Daniel James, Steve Harris and Damien Cirotteau come out of their shell (script)
As some of you may know, Linux is a fast-growing open source operating system that will run on the Intel platform. It's proved to be incredibly popular amongst web serving community due to it's robust security and flexible configuration options.
Linux is closely related to Unix which has traditionally been used in mission-critical applications such as banking and medical. Apple's OS X is based on the Unix filesystem, but with extensively custom developed audio and video routines namely CoreAudio.
What does this mean? Well essentially, it means that if you don't want to run a Microsoft system and a Mac ain't for you, there is an alternative. Linux can be configured to suit the audio environment and the tools are now becoming available for serious audio use.
AGNULA (a GNU/Linux/Audio Distribution) is a project supported by Red Hat France and legendary French audio research institute IRCAM, whose aims are to provide both Red Hat and Debian based installs. Already well under way, the project aims to support other platforms, inlcuding PowerPC chips and 64-bit architectures.

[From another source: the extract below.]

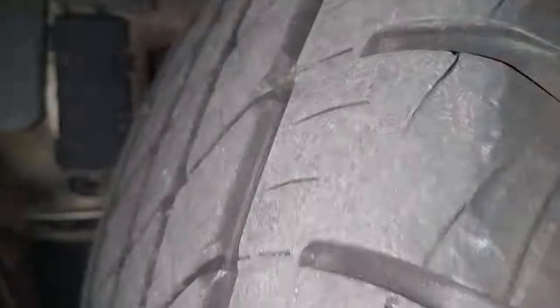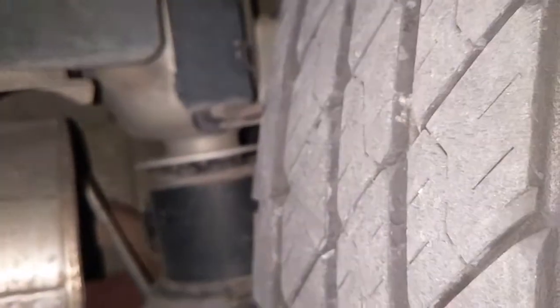Check out this bushing — that's a lot of wear. This is the worst one, but the other one's not too far behind. There are two more in the front. This is definitely the one that's making the noise right now.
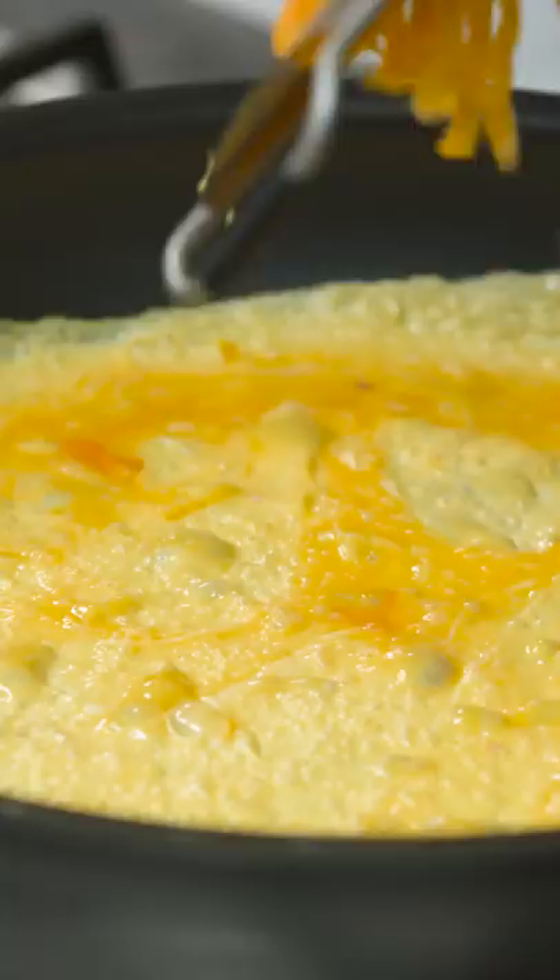Grate in your red Leicester or your cheddar. Angle the pan off the heat and if you see how I just flick it — that, my friends, will be a thing of joy.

Linux users tend to be fiercely loyal and congregate in groups to work out solutions to problems that need solving. LinuAudio.org is just such a group. Started a mere couple of weeks ago by Daniel James, the not-for-profit consortium of Linux audio projects and companies, "exists to promote the development of professional audio tools and serivices using 'libre' (free) software licensed via the GPL (Gnu Public License) and similar licenses."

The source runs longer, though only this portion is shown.